*Exercise brief*. Copy without pictures. Please restate each line of the listing exactly.

*Data provided*.
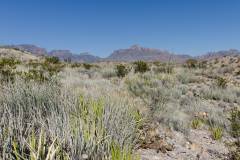 big bend national park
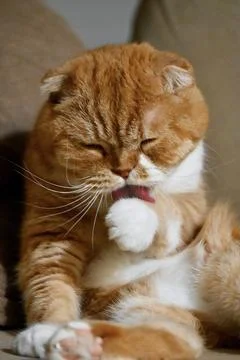 Cute Ginger Scottish Fold Cat Licking Its Paw on Sofa Stock Photos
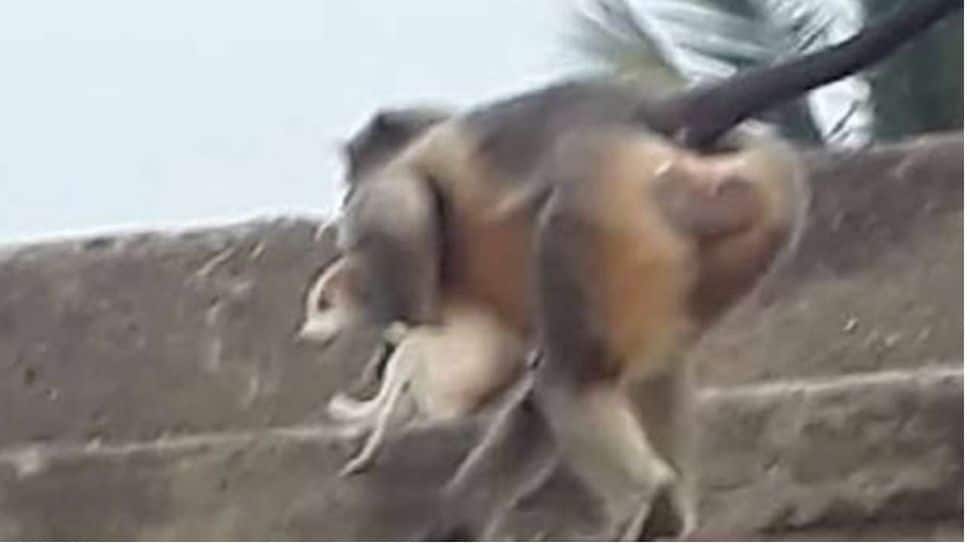 ‘பழிக்கு பழி;’: நாய்கள் மீது போர் தொடுத்துள்ள குரங்குகள்; சுமார் 250 நாய்கள் பலி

*Response to this exercise*.
 big bend national park
 Cute Ginger Scottish Fold Cat Licking Its Paw on Sofa Stock Photos
 ‘பழிக்கு பழி;’: நாய்கள் மீது போர் தொடுத்துள்ள குரங்குகள்; சுமார் 250 நாய்கள் பலி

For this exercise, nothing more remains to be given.